* _Recorded data_
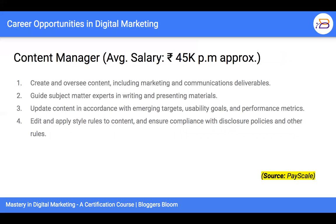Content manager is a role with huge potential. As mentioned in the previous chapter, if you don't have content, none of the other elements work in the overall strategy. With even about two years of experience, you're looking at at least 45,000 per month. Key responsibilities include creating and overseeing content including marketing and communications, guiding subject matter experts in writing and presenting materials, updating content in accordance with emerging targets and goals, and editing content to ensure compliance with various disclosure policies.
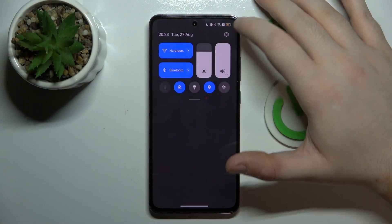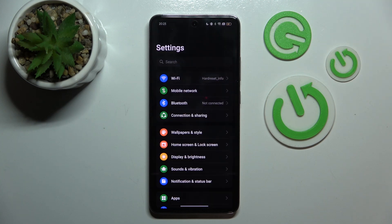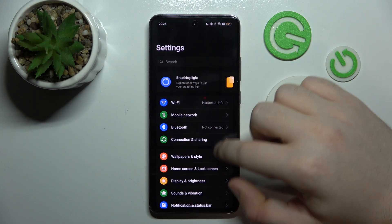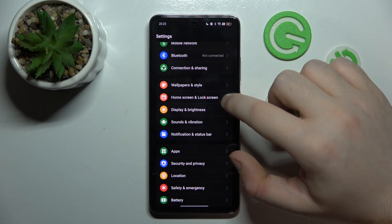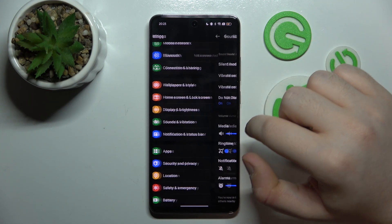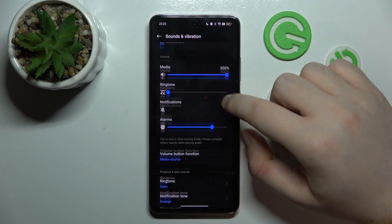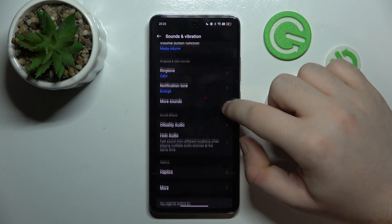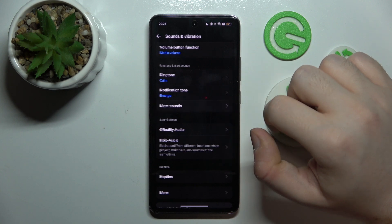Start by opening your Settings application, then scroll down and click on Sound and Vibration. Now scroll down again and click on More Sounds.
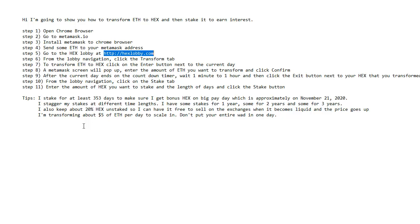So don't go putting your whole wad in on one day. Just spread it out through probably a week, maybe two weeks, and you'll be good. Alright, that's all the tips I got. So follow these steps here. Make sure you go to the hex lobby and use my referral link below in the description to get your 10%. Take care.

...

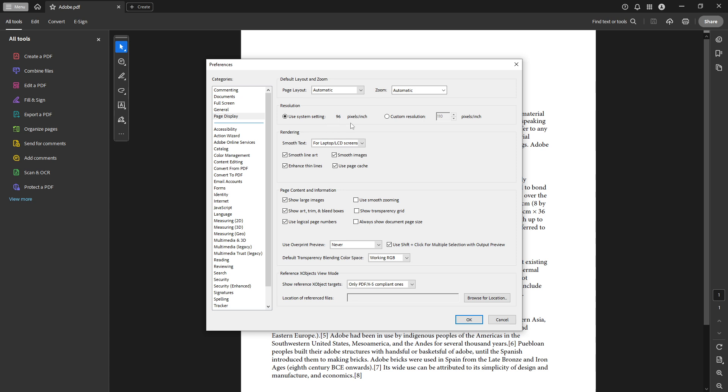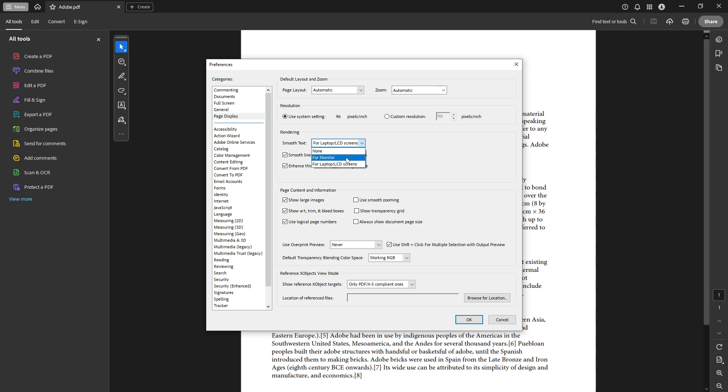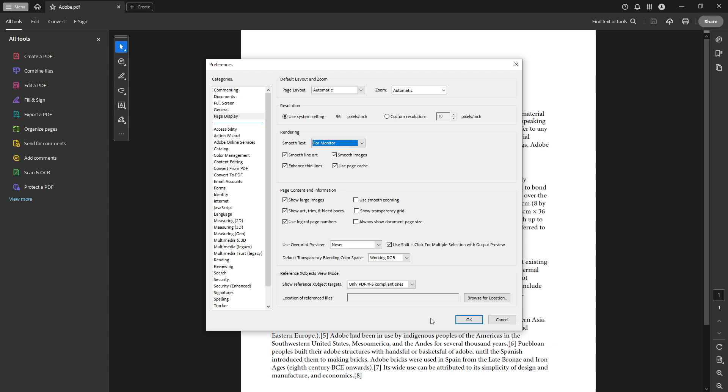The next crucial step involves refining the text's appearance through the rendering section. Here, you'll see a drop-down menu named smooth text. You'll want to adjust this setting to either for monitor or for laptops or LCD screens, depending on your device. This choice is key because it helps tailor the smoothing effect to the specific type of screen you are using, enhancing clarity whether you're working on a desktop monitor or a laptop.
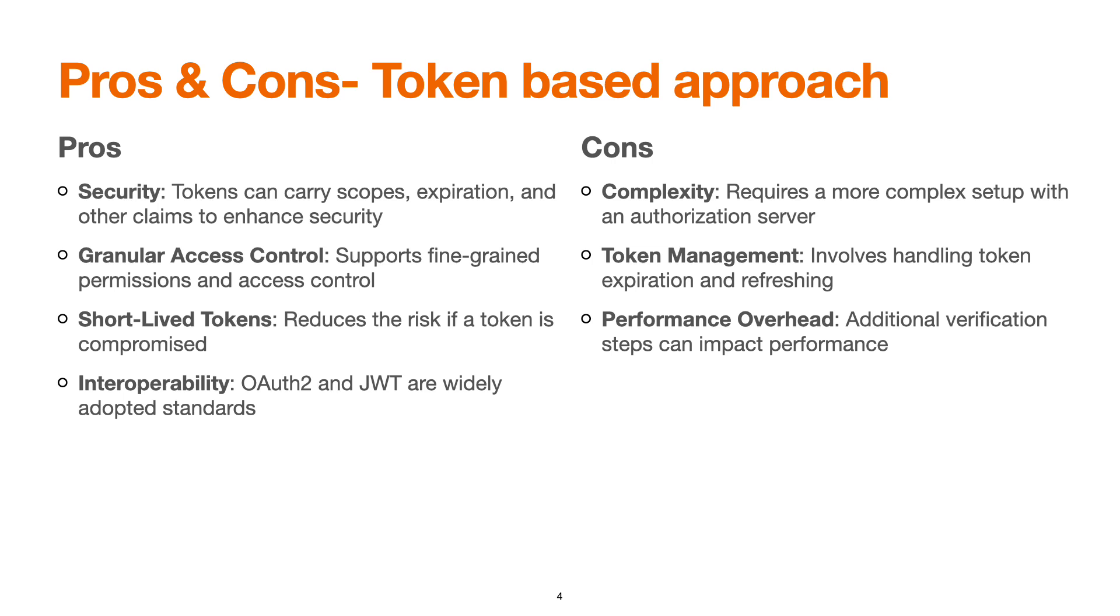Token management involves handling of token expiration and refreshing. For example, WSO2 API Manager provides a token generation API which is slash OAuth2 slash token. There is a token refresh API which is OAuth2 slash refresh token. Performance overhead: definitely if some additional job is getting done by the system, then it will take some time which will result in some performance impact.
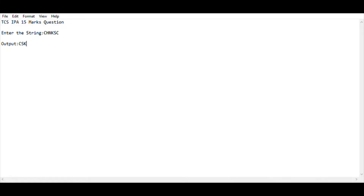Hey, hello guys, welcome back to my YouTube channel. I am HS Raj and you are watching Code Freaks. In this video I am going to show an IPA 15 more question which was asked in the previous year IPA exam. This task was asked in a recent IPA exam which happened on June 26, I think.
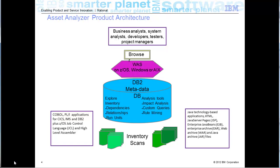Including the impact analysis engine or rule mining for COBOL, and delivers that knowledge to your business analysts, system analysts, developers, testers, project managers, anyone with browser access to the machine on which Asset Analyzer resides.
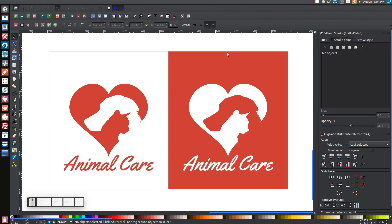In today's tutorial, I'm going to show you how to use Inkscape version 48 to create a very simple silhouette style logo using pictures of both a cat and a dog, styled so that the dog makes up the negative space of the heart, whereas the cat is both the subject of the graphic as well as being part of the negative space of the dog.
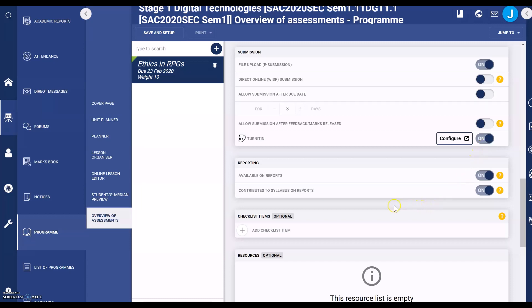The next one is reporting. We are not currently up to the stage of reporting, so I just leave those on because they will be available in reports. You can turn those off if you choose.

...

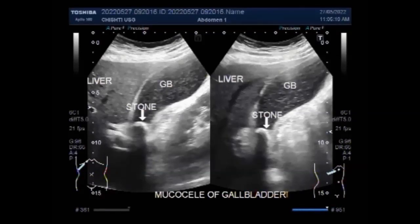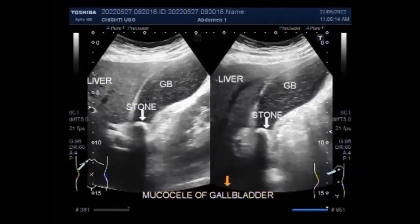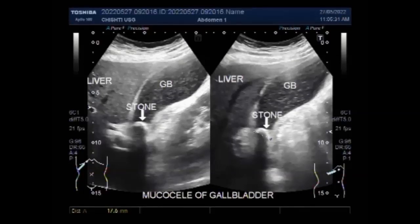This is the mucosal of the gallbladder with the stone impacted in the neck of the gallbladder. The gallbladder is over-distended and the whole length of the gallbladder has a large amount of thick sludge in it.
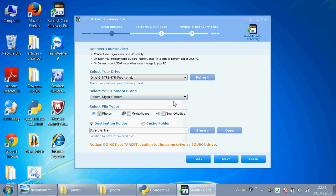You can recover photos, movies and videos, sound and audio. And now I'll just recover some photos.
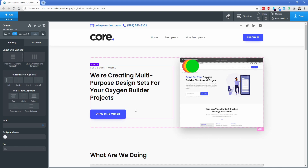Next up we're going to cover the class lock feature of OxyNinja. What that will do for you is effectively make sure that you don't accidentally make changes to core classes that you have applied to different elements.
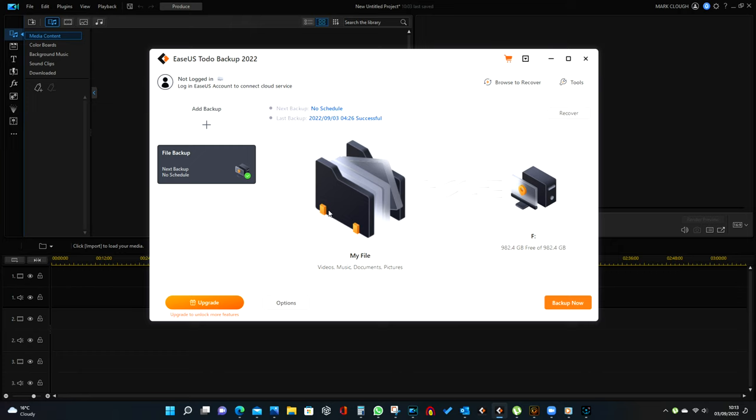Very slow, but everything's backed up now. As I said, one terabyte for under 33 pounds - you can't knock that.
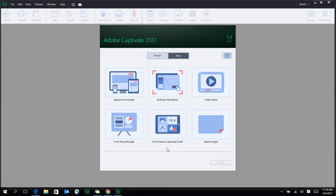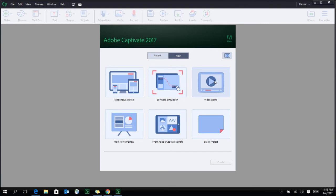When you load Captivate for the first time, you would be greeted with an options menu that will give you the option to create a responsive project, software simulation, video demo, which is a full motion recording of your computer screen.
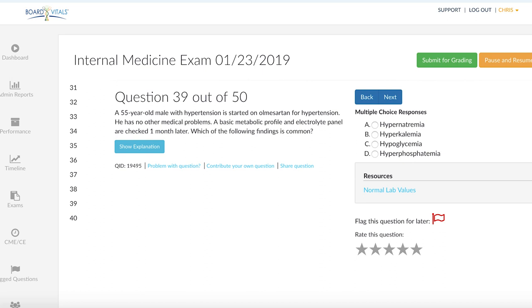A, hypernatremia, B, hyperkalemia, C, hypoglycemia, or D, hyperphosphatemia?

* _Task directions_
Give again, exactly as written above, every line from the one holding "The next crucial" to the one holding "Hey, hello guys, welcome", with both ends kept and the pictures left out.

* _Reply to the task_
The next crucial step involves refining the text's appearance through the rendering section. Here, you'll see a drop-down menu named smooth text. You'll want to adjust this setting to either for monitor or for laptops or LCD screens, depending on your device. This choice is key because it helps tailor the smoothing effect to the specific type of screen you are using, enhancing clarity whether you're working on a desktop monitor or a laptop.
Token management involves handling of token expiration and refreshing. For example, WSO2 API Manager provides a token generation API which is slash OAuth2 slash token. There is a token refresh API which is OAuth2 slash refresh token. Performance overhead: definitely if some additional job is getting done by the system, then it will take some time which will result in some performance impact.
Hey, hello guys, welcome back to my YouTube channel. I am HS Raj and you are watching Code Freaks. In this video I am going to show an IPA 15 more question which was asked in the previous year IPA exam. This task was asked in a recent IPA exam which happened on June 26, I think.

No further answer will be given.